Julia Zigiotti Olme
- Zigiotti Olme with Manchester United in 2025

Personal information
- Full name: Julia Margareta Zigiotti Olme
- Date of birth: 24 December 1997 (age 28)
- Place of birth: Upplands Väsby, Sweden
- Height: 1.60 m (5 ft 3 in)
- Position: Defensive midfielder

Team information
- Current team: Manchester United
- Number: 15

Youth career
- Bollstanäs SK

Senior career*
- Years: Team / Apps / (Gls)
- 2012–2014: Bollstanäs SK / 44 / (17)
- 2015: AIK / 21 / (4)
- 2016–2018: Hammarby / 58 / (22)
- 2018–2021: BK Häcken / 71 / (16)
- 2022–2024: Brighton & Hove Albion / 51 / (4)
- 2024–2025: Bayern Munich / 16 / (0)
- 2025–: Manchester United / 24 / (3)

International career^{‡}
- 2014: Sweden U17 / 6 / (2)
- 2014–2016: Sweden U19 / 18 / (3)
- 2018–: Sweden / 58 / (2)

Medal record
Women's soccer
Representing Sweden
FIFA Women's World Cup
| Bronze medal – third place | 2019 France | Team |

= Julia Zigiotti Olme =

Swedish footballer (born 1997)

Julia Margareta Zigiotti Olme (born 24 December 1997) is a Swedish professional footballer who plays as a defensive midfielder for Women's Super League club Manchester United and the Sweden national team.

==Club career==

=== Early career ===
Zigiotti Olme joined the youth ranks of Bollstanäs SK in her home locality of Upplands Väsby, making her senior debut in her mid-teens. Between 2014 and 2018, she played with AIK and Hammarby in Sweden's Damallsvenskan.

=== BK Häcken ===
Zigiotti Olme joined Kopparbergs/Göteborg FC from Hammarby in 2018. In November 2020, Zigiotti Olme won the Damallsvenskan with Kopparbergs/Göteborg FC, the club's first league title. Just days after the win, the club announced its plans to cease operations. This decision was shortly reversed, but the club became part of BK Häcken, operating under the name Bollklubben Häcken Fotbollsförening (BK Häcken FF). Zigiotti Olme underwent surgery on both hips in December 2020, and was sidelined for six months.
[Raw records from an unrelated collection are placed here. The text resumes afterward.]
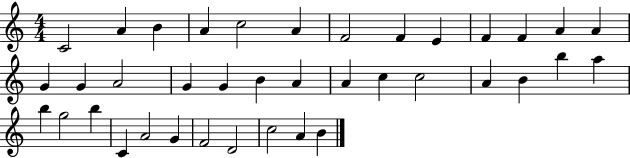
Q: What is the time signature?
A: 4/4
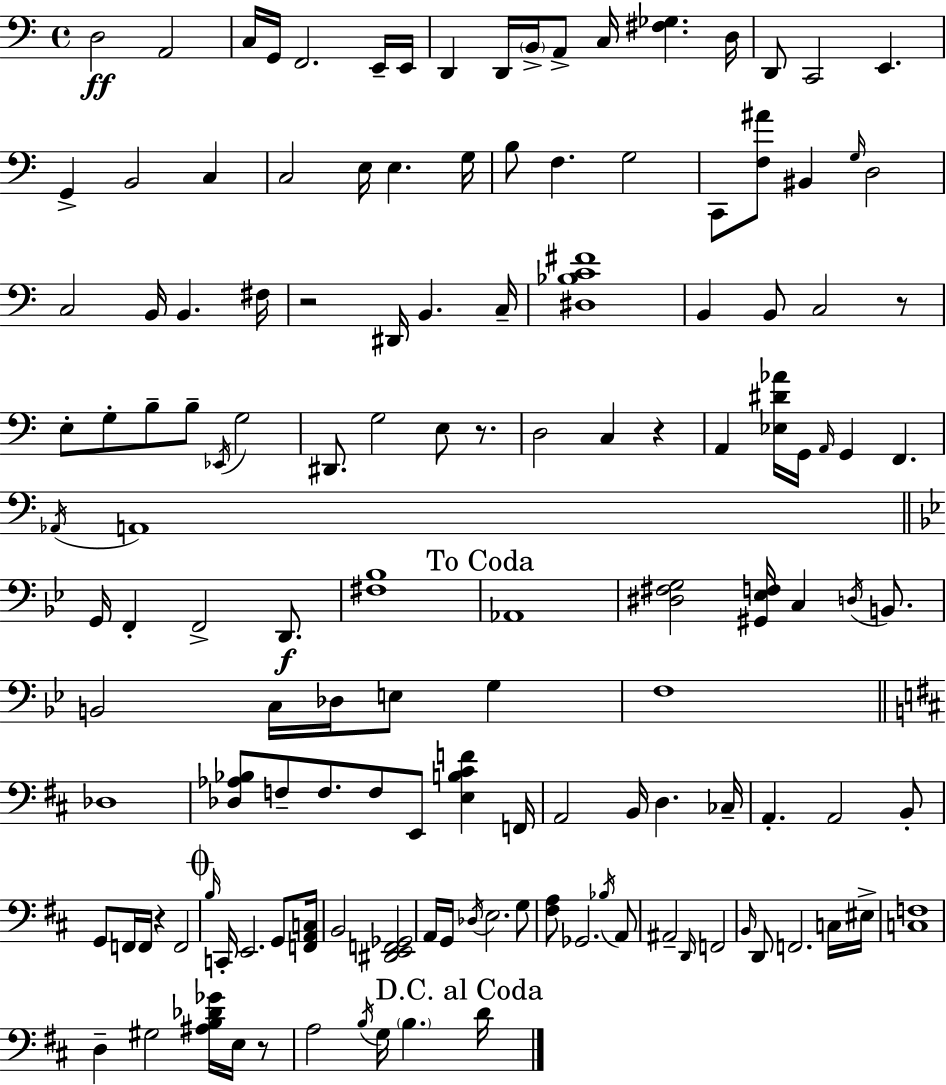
X:1
T:Untitled
M:4/4
L:1/4
K:Am
D,2 A,,2 C,/4 G,,/4 F,,2 E,,/4 E,,/4 D,, D,,/4 B,,/4 A,,/2 C,/4 [^F,_G,] D,/4 D,,/2 C,,2 E,, G,, B,,2 C, C,2 E,/4 E, G,/4 B,/2 F, G,2 C,,/2 [F,^A]/2 ^B,, G,/4 D,2 C,2 B,,/4 B,, ^F,/4 z2 ^D,,/4 B,, C,/4 [^D,_B,C^F]4 B,, B,,/2 C,2 z/2 E,/2 G,/2 B,/2 B,/2 _E,,/4 G,2 ^D,,/2 G,2 E,/2 z/2 D,2 C, z A,, [_E,^D_A]/4 G,,/4 A,,/4 G,, F,, _A,,/4 A,,4 G,,/4 F,, F,,2 D,,/2 [^F,_B,]4 _A,,4 [^D,^F,G,]2 [^G,,_E,F,]/4 C, D,/4 B,,/2 B,,2 C,/4 _D,/4 E,/2 G, F,4 _D,4 [_D,_A,_B,]/2 F,/2 F,/2 F,/2 E,,/2 [E,B,^CF] F,,/4 A,,2 B,,/4 D, _C,/4 A,, A,,2 B,,/2 G,,/2 F,,/4 F,,/4 z F,,2 B,/4 C,,/4 E,,2 G,,/2 [F,,A,,C,]/4 B,,2 [^D,,E,,F,,_G,,]2 A,,/4 G,,/4 _D,/4 E,2 G,/2 [^F,A,]/2 _G,,2 _B,/4 A,,/2 ^A,,2 D,,/4 F,,2 B,,/4 D,,/2 F,,2 C,/4 ^E,/4 [C,F,]4 D, ^G,2 [^A,B,_D_G]/4 E,/4 z/2 A,2 B,/4 G,/4 B, D/4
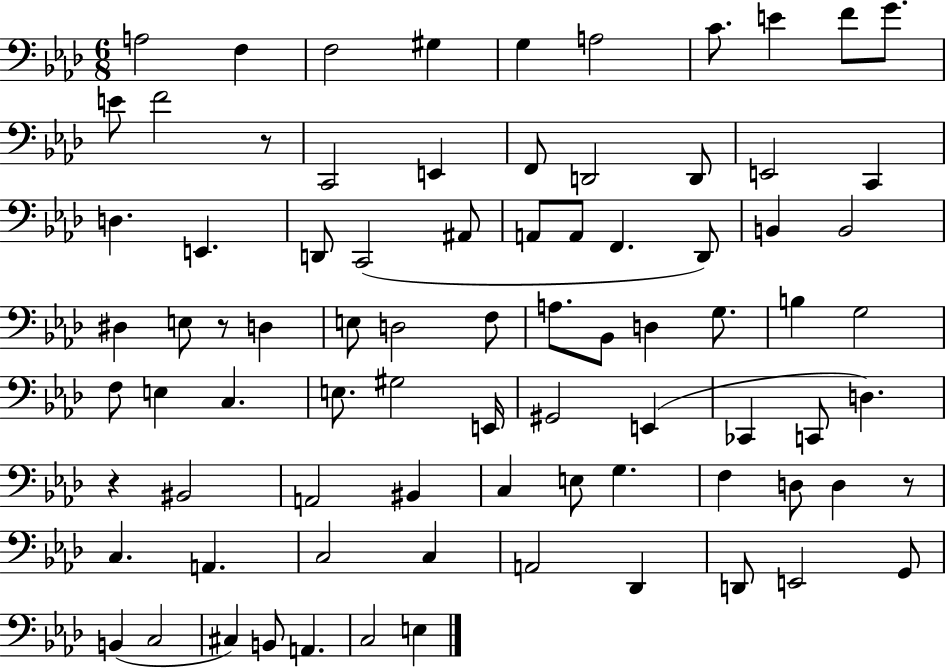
A3/h F3/q F3/h G#3/q G3/q A3/h C4/e. E4/q F4/e G4/e. E4/e F4/h R/e C2/h E2/q F2/e D2/h D2/e E2/h C2/q D3/q. E2/q. D2/e C2/h A#2/e A2/e A2/e F2/q. Db2/e B2/q B2/h D#3/q E3/e R/e D3/q E3/e D3/h F3/e A3/e. Bb2/e D3/q G3/e. B3/q G3/h F3/e E3/q C3/q. E3/e. G#3/h E2/s G#2/h E2/q CES2/q C2/e D3/q. R/q BIS2/h A2/h BIS2/q C3/q E3/e G3/q. F3/q D3/e D3/q R/e C3/q. A2/q. C3/h C3/q A2/h Db2/q D2/e E2/h G2/e B2/q C3/h C#3/q B2/e A2/q. C3/h E3/q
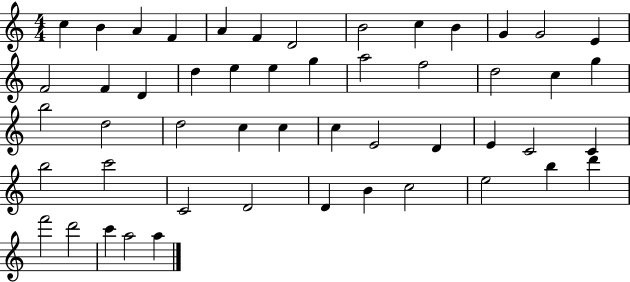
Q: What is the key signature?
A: C major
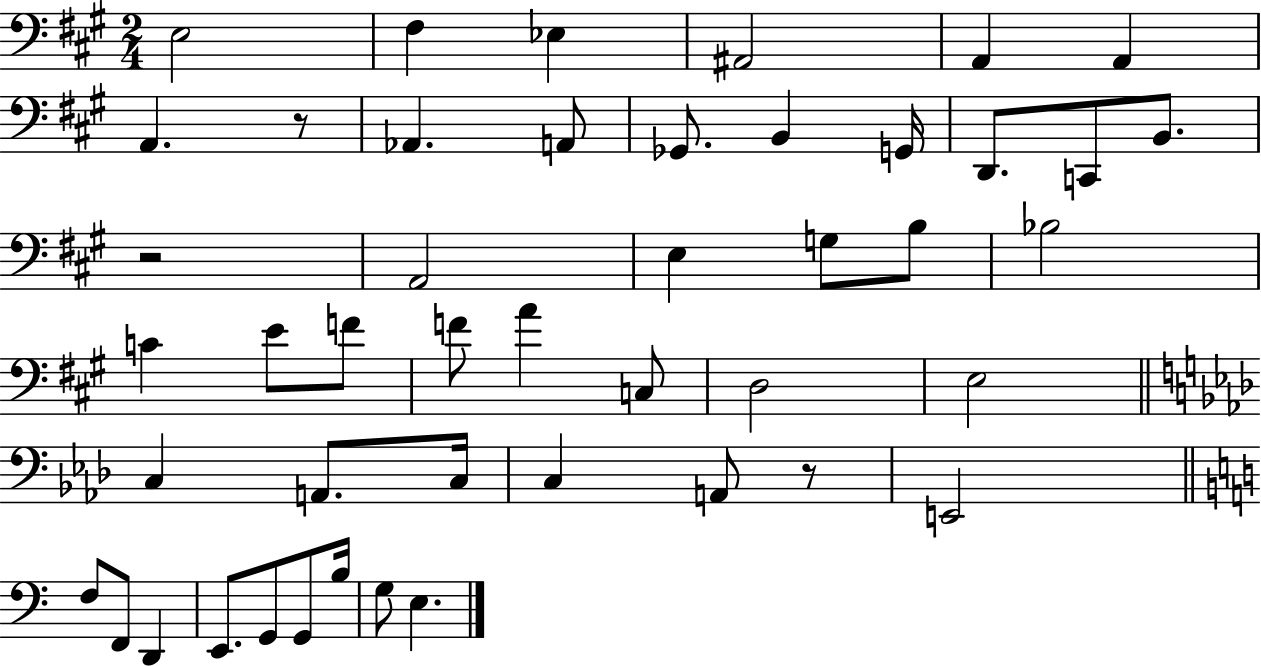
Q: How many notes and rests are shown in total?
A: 46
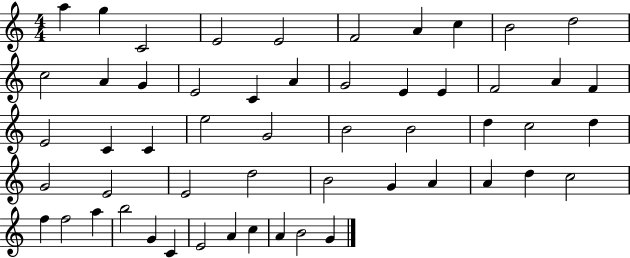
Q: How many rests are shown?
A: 0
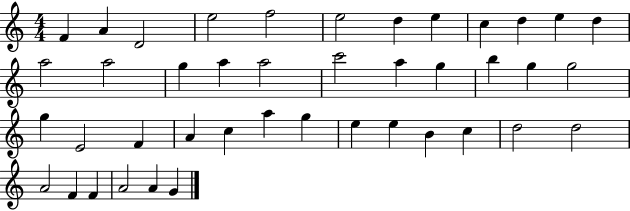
F4/q A4/q D4/h E5/h F5/h E5/h D5/q E5/q C5/q D5/q E5/q D5/q A5/h A5/h G5/q A5/q A5/h C6/h A5/q G5/q B5/q G5/q G5/h G5/q E4/h F4/q A4/q C5/q A5/q G5/q E5/q E5/q B4/q C5/q D5/h D5/h A4/h F4/q F4/q A4/h A4/q G4/q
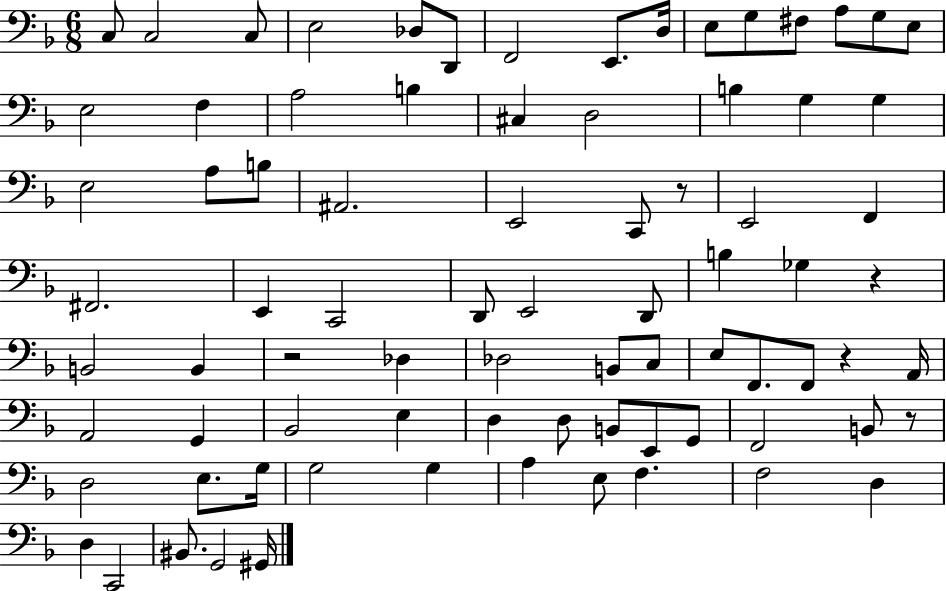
C3/e C3/h C3/e E3/h Db3/e D2/e F2/h E2/e. D3/s E3/e G3/e F#3/e A3/e G3/e E3/e E3/h F3/q A3/h B3/q C#3/q D3/h B3/q G3/q G3/q E3/h A3/e B3/e A#2/h. E2/h C2/e R/e E2/h F2/q F#2/h. E2/q C2/h D2/e E2/h D2/e B3/q Gb3/q R/q B2/h B2/q R/h Db3/q Db3/h B2/e C3/e E3/e F2/e. F2/e R/q A2/s A2/h G2/q Bb2/h E3/q D3/q D3/e B2/e E2/e G2/e F2/h B2/e R/e D3/h E3/e. G3/s G3/h G3/q A3/q E3/e F3/q. F3/h D3/q D3/q C2/h BIS2/e. G2/h G#2/s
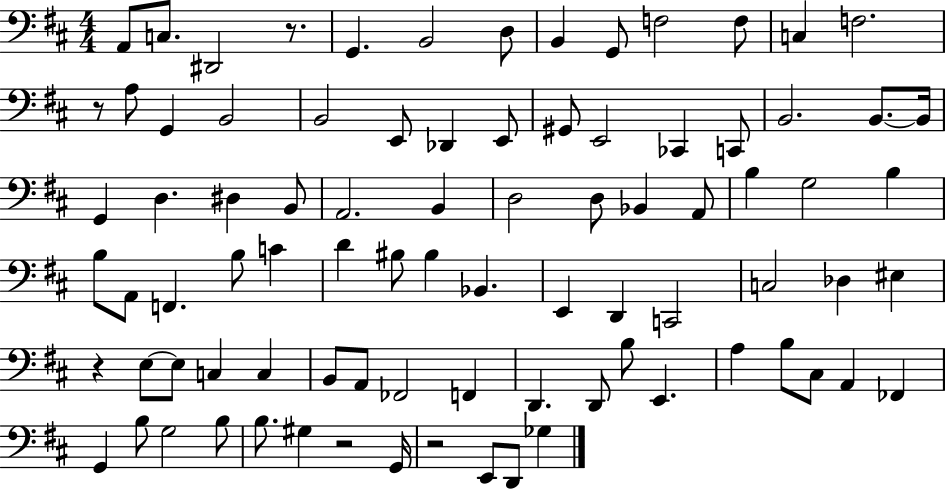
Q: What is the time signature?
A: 4/4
In October 2021, Zigiotti Olme was on the bench as Häcken missed out on a chance to win their second Damallsvenskan title; her agent alleged that she was excluded from the match because she had not signed a new contract with the club.

=== Brighton & Hove Albion ===
In January 2022, she joined Women's Super League club Brighton & Hove Albion on an 18-month contract in a double transfer with international teammate (and partner) Emma Kullberg.

She was named Player's Player of the Season for her performance in the 2022–23 campaign. She captained the club during the latter part of the season before losing the armband under new head coach Melissa Phillips. On 9 August 2023, she signed a new contract with Brighton.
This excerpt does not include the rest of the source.